My upcoming book, Maya and the Book of Everything, is a fantasy, and much of the action takes place on a fictional planet called Ilyria as well as in the mysterious Great Library. But some of the novel is set in East Vassalboro, Maine, a real town where my mother lived for over twenty years. I chose East Vassalboro because, through my mother, I came to know it well, and though it be small, East Vassalboro has a keen sense of community.
When Maya and the Book of Everything opens, Maya and her mother, Lily, are on their way to East Vassalboro to spend the summer with Maya’s grandparents—Mémère and Pépère Turcotte. (In another post, I’ll write about Maya’s Franco-American connection.) Maya comes from New York City, and although she loves the city, she also loves the little village of East Vassalboro with its homey charms.
It has a corner store that smells of oiled floors.
A grange hall, freshly painted inside and out, where there are public suppers, plays, and book sales.
A historical society housed in what was once a school.
A little stream that runs through the center of town.
And most important, a small brick library, surprisingly new. (The old one, a converted cottage, burnt down years ago.)
Why do I use a real village in a fantasy novel? Because it provides a sense of place that grounds the story. From East Vassalboro, Maine, I can move Maya across the universe, but no matter where we might travel, Maya and I always know where home is.
12 thoughts on “Maya and East Vassalboro, Maine: A Sense of Place in Fantasy”
Sounds so intriguing… you’re whetting our appetite!
What a lovely place this is. It warms the heart to read your post.
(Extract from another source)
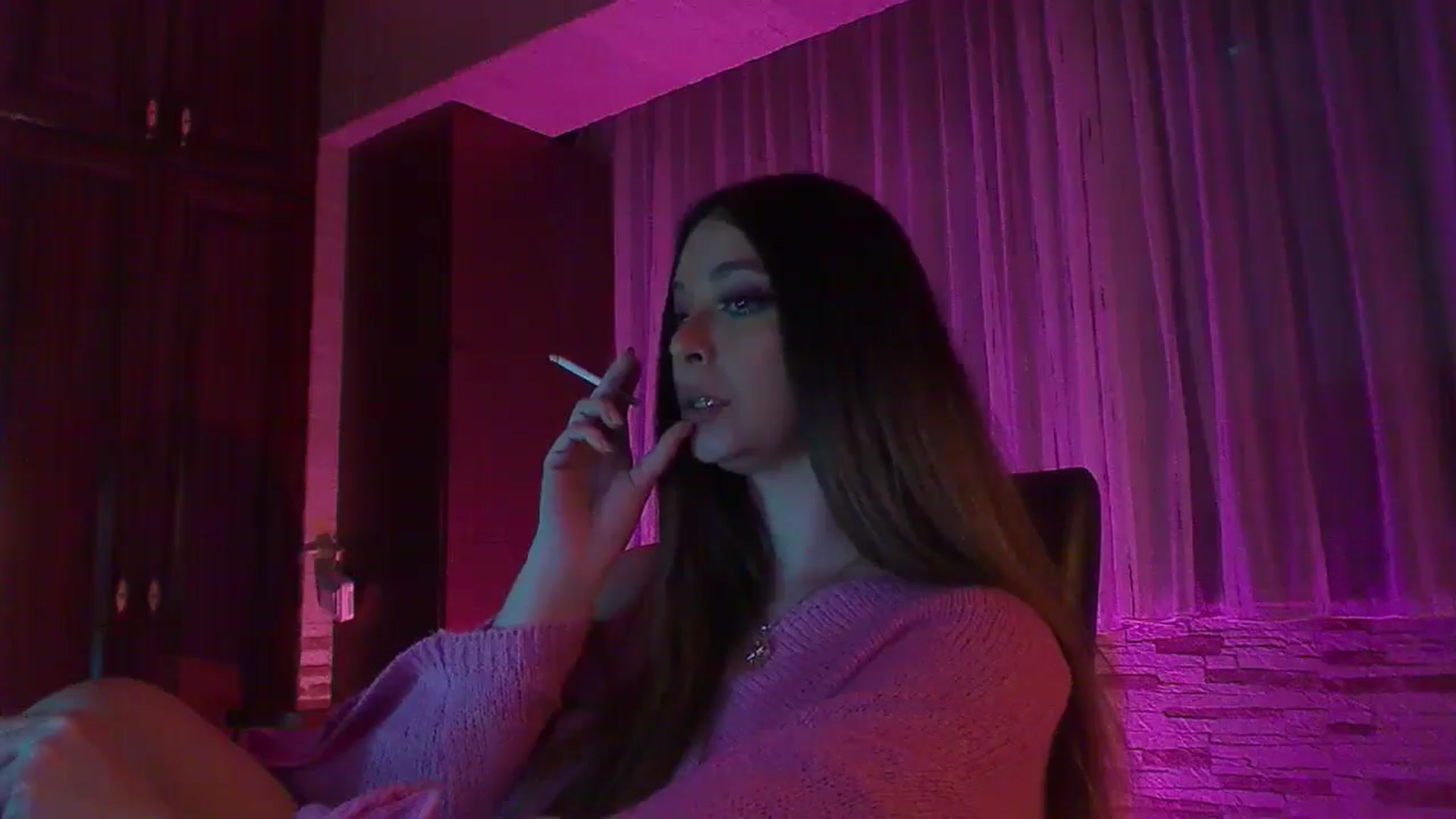 Gallery image thumbnail from No_bo_dy's myfreecams stream on, 04/06/2025, 04:03 image 20 of 20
I think the best fiction is rooted in a place known intimately by the author.
Jason, I agree.
Sounds like a lovely place, and an intriguing book. 🙂
That picture of the Grange looks like the sale last Saturday! I think I’m sitting on the porch railing! I can’t wait to buy this for the library and get a copy for myself, too!
How nice of you to notice and comment! That picture was indeed taken last Saturday, and you might very well have been sitting on the railing. Many, many thanks for your interest.